112Hi! My name is Janice. I am new to book blogging, and I have a serious reading addiction…

I suppose I’ve always been addicted to books, but my affliction has become increasingly serious as I’ve gotten older. We can blame my parents for igniting my imagination with creative bedtime stories (both made up and read from books). They happily fed my reading addiction for many years.

A little less than a year ago, I started a Bookstagram account. I had subscribed to this AMAZING new thing called a book subscription box. I am sure at that point subscription boxes had been around for awhile, but I was living in Northern BC, Canada, which is slightly removed from, well – everything! The first Novel Editions book box I received was absolutely magical!
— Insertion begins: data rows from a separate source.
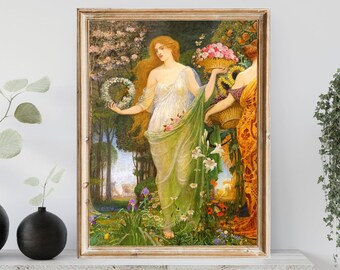 Vintage Woman Portrait Print: Summer's Muse, 19th Century Art (Digital Download)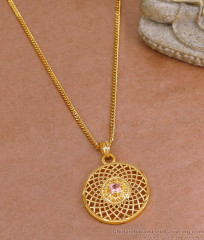 Single Amethyst Stone Gold Imitation Round Dollar Chain For Women BGDR1485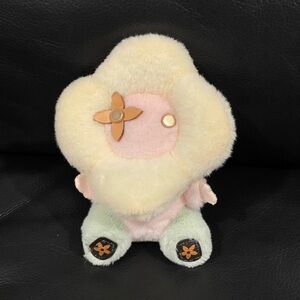 Fashion Jewelry Sunflower Cream and Pink Plush Keychain for bag charms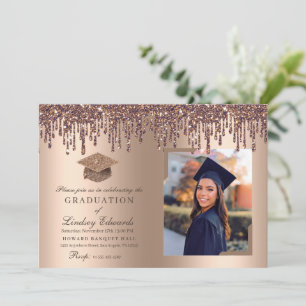 Invitation Parties scintillant Drift Bronze Gold Graduation P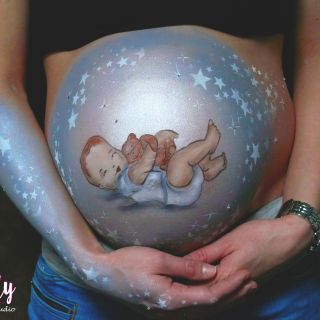 Body schmink studio bellypaint babyshoer baby with teddy 10 logo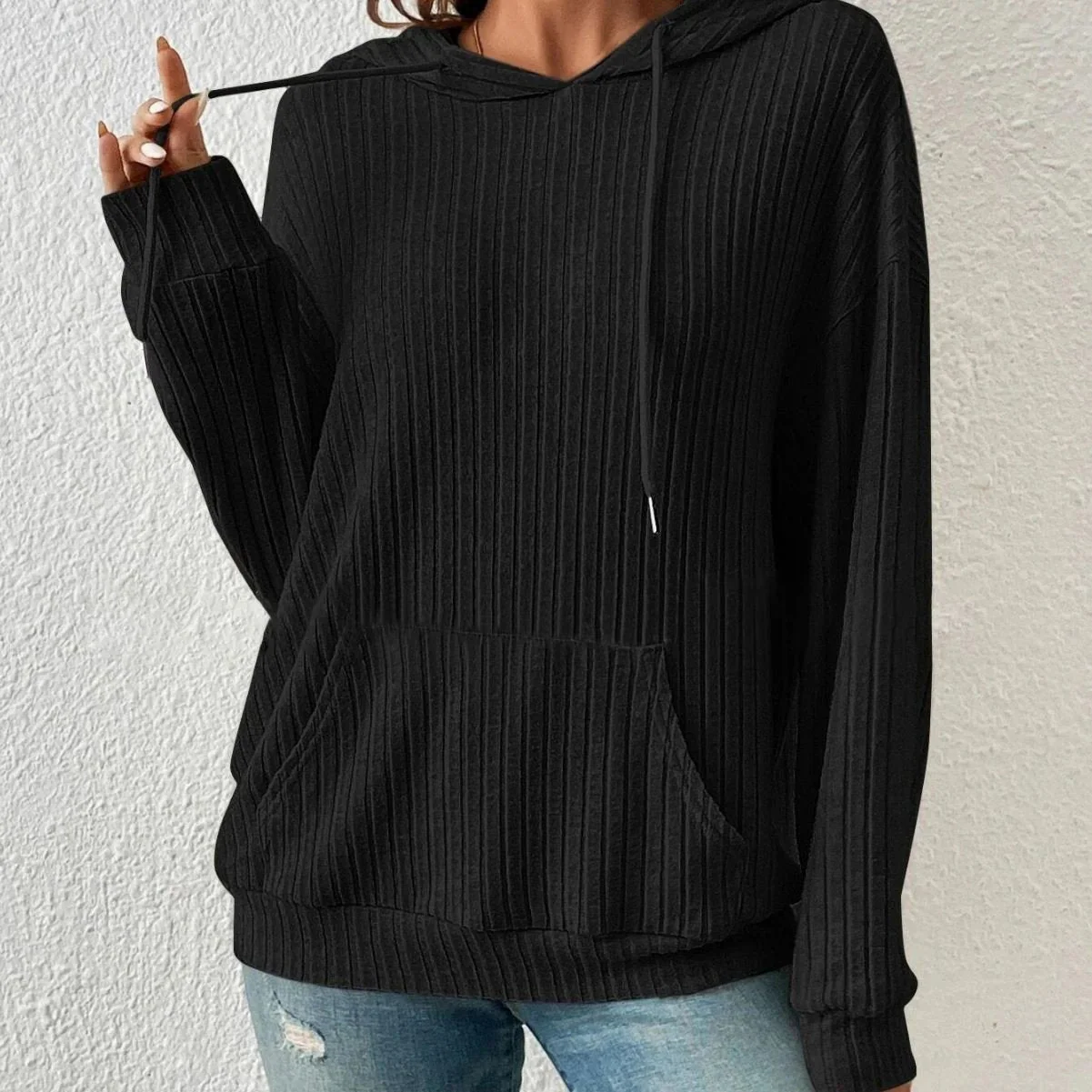 Mandotos Womens Knit Hoodie Sweatshirt With Pockets Drawstring Long Sleeve Solid Sunken Stripe Knitwear - Image 7
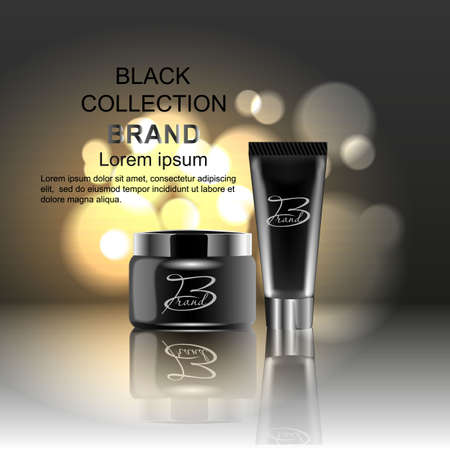 Design cosmetics advertising product on a black background. Template, blank, for your design.のイラスト素材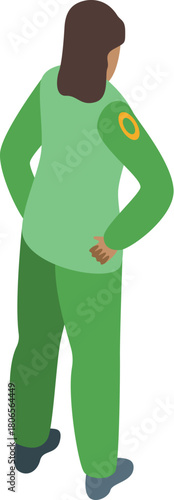 Back view of a female athlete wearing green sportswear, representing brazil in the paralympics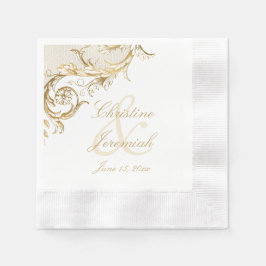  Gold Floral Damask Script White Wedding Servet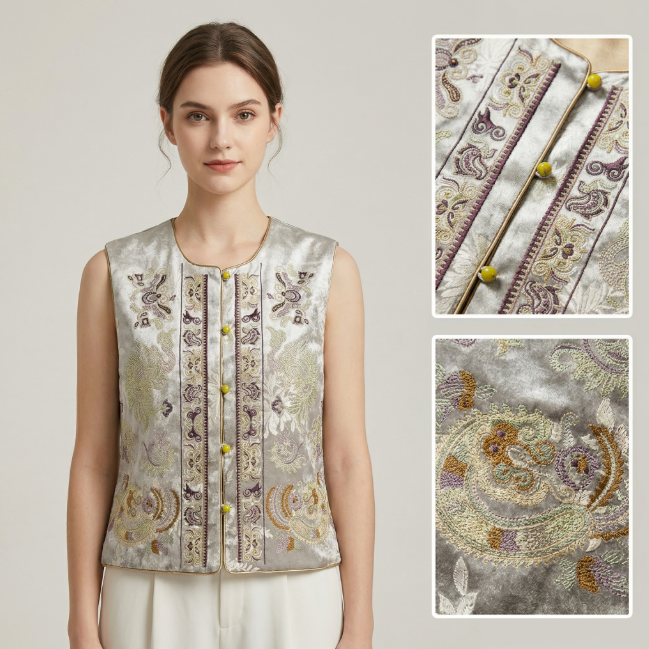 Women's Top Heavywork Phoenix Embroidery Mulberry Silk Vest Pearl Buttons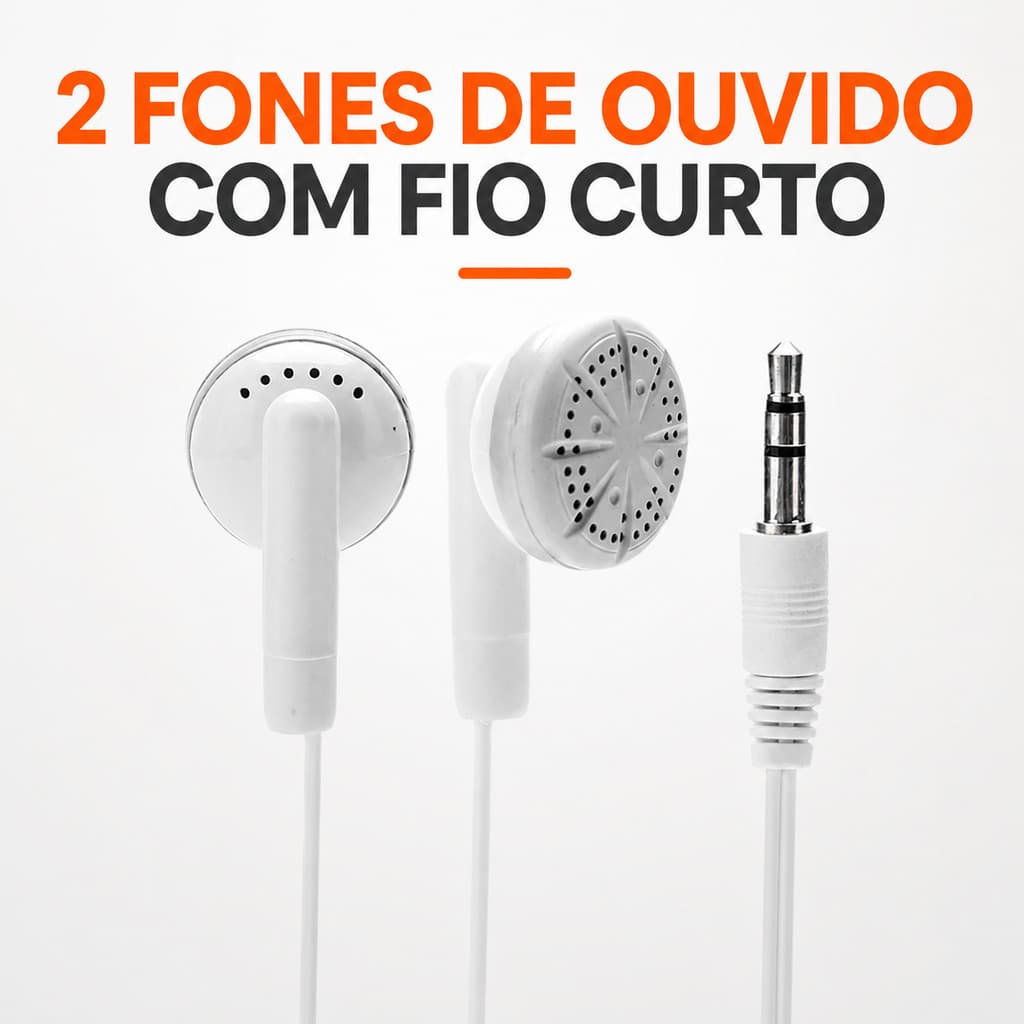 Kit 2 Fones De Ouvido Com Fio P2 Som Estéreo Para Celular Chamada e Música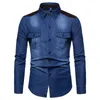 Tático de Negócios Denim Camisa Dos Homens Casuais Jeans Camisa de Vestido Camisa Sociais Masculina Slim Fit homens Blusa Outono Manga Comprida Blusas J181154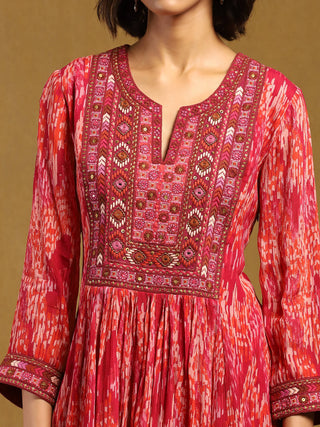 Pink niagra kurta set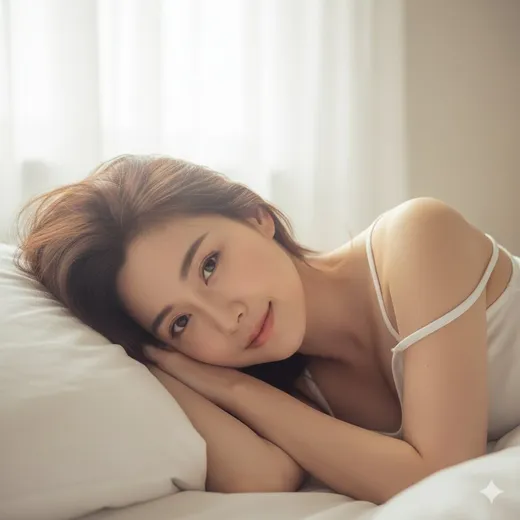 白色枕头上的睡眼惺忪女孩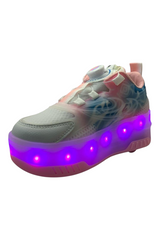 Sporline PEPİNO beyaz, pembe ve turkuaz renkli, ışıklı tabanlı, tekstil çocuk sneaker ayakkabı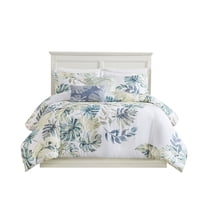 Gracie Mills Cordell Duvet Cover Set Tropical Cotton 5-Piece Green Blue GRACE-8075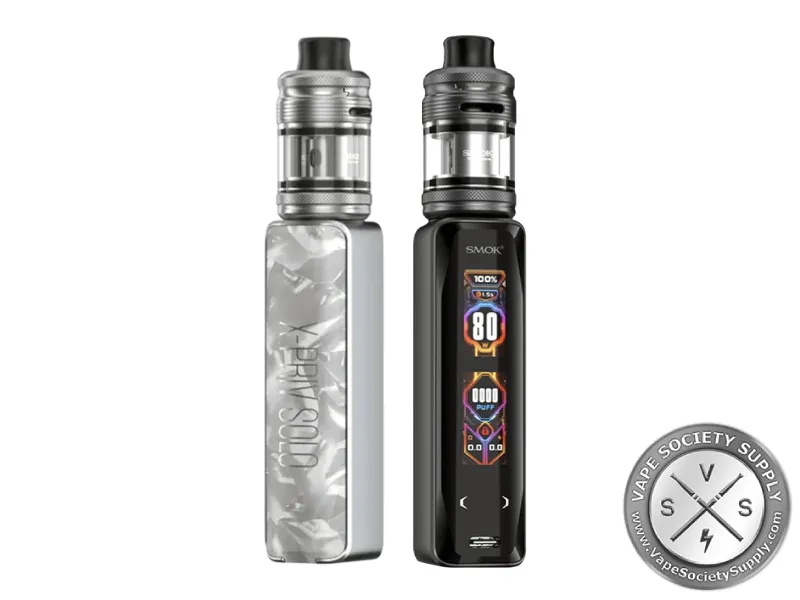 SMOK X-Priv Solo kit in White Shell with a TF-D tank, back and front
The novel itself – The Witches of New York – piqued my interest, and I adored all of the lovely goodies packaged so perfectly alongside the book. I thought, oh my goodness – this is perfection in a box! People need to see this! Of course, I snapped some photos and shared them on my personal Instagram. From there I was introduced to Bookstagram, bookish hashtags, other book subscription boxes, bookish merchandise, and all of the amazingness that comes along with book nerds sharing their love of books online!

Bookstagram has been adding fuel to my book addiction fire, and I am completely okay with that. I have met so many wonderful people, and started my own little business creating bookmarks and book sleeves.

A few facts about me:

  • My favourite genres are: historical fiction, contemporary and fantasy (although I read anything that sounds interesting)
  • I also love reading non-fiction about history, politics, philosophy, sociology, and anthropology
  • I am a full-time high school teacher
  • I need frequent immersion in nature to survive
  • Coffee is my life source
  • Tea is nice too

So, in order to share my thoughts on everything book-related, I have started this blog! I’ll be adding reviews of books as well as sharing book subscription boxes and other favourite bookish things! I hope you’ll enjoy it.